Reproduce exactly the line with "Brother TBEB-DK22243 juodas" and every line that follows it below, up to and including the last one. Do not include pictures or anything else.

+++ Provided data +++

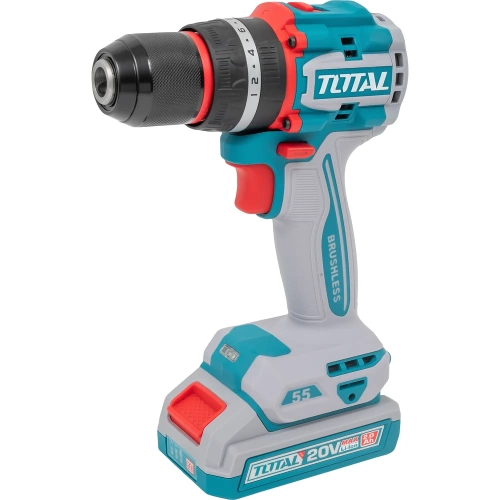 Компактная Бесщеточная Аккумуляторная Ударная Дрель 20V TOTAL TIDLI20558 Компактная Бесщеточная Аккумуляторная Ударная Дрель 20V TOTAL TIDLI20558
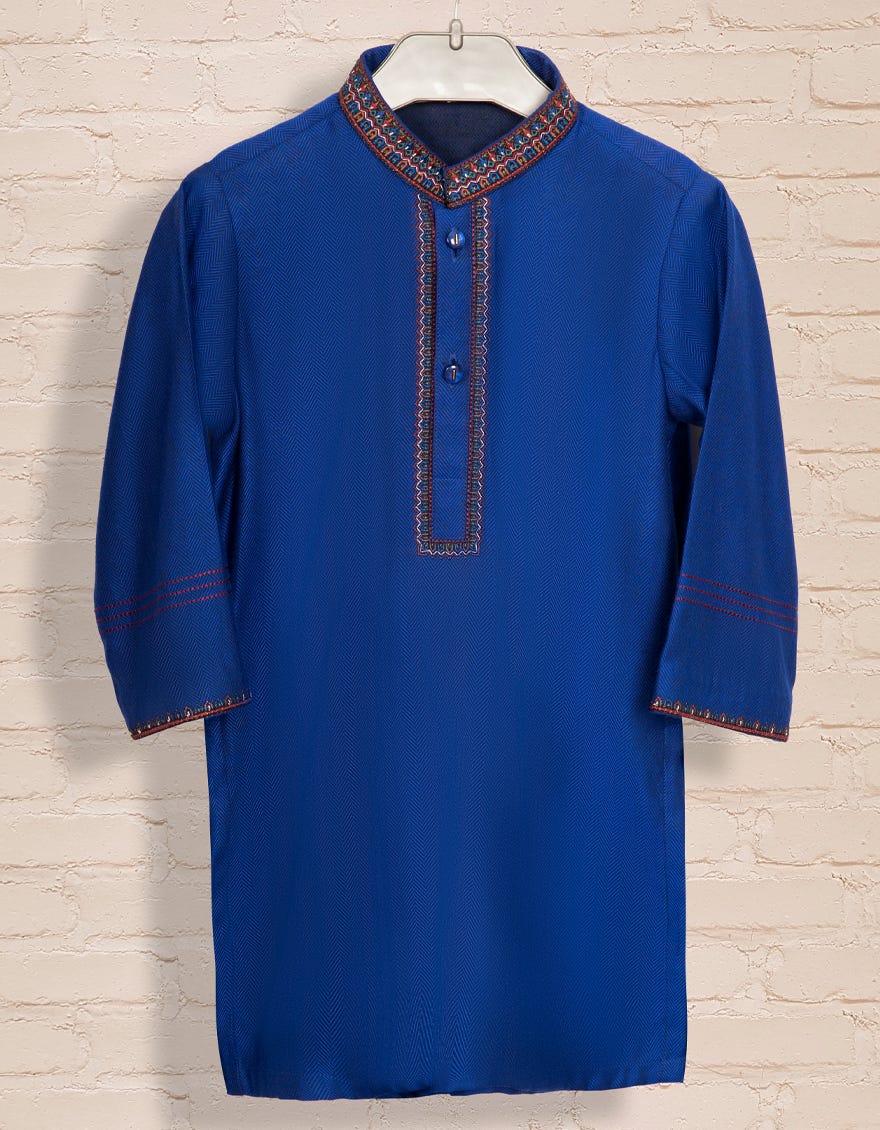 Royal Blue Blended Special Kameez Shalwar | Jjiks-Sp-38458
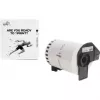 Brother TBEB-DK22243 juodas ant balto lipdukų rulonas 102x30,48 mm (10,20 cm)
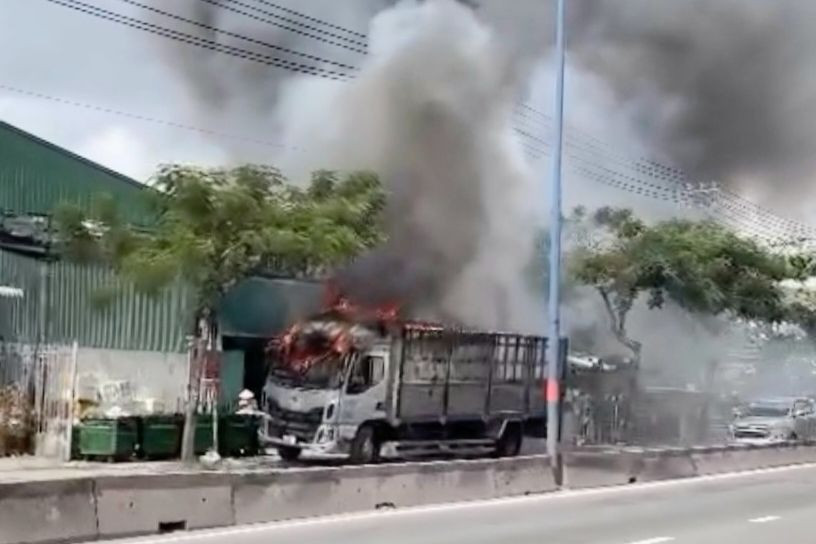 Hiện trường vụ cháy. Hiện trường vụ cháy.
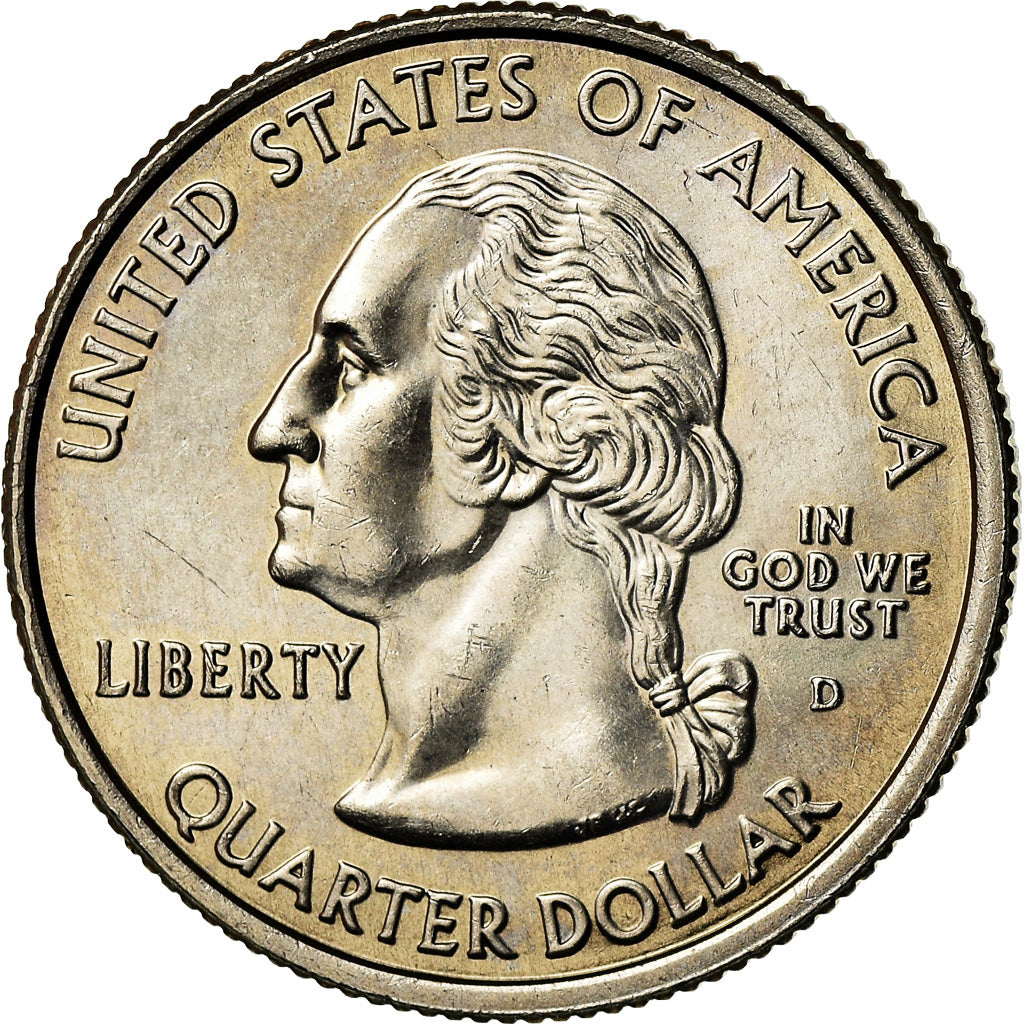 Moneta, Stati Uniti, Alaska, Quarter, 2008, U.S. Mint, Denver, SPL, Rame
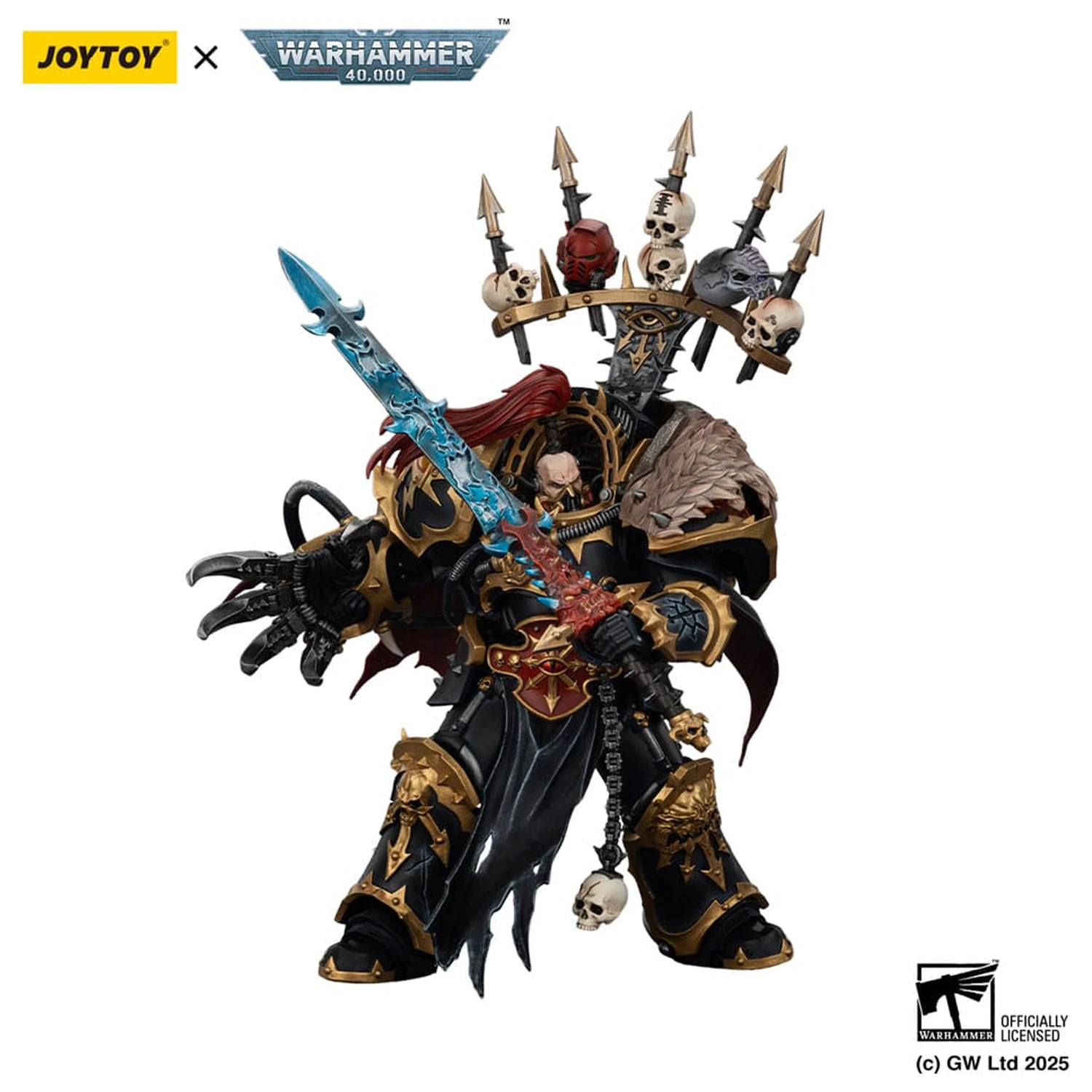 Warhammer 40,000 Akčná figúrka Black Legion Abaddon the Despoiler s Drach'nyen a The Talo 16 cm produktová fotografia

+++

*Solution for this problem*:
 Brother TBEB-DK22243 juodas ant balto lipdukų rulonas 102x30,48 mm (10,20 cm)
 Hiện trường vụ cháy. Hiện trường vụ cháy.
 Moneta, Stati Uniti, Alaska, Quarter, 2008, U.S. Mint, Denver, SPL, Rame
 Warhammer 40,000 Akčná figúrka Black Legion Abaddon the Despoiler s Drach'nyen a The Talo 16 cm produktová fotografia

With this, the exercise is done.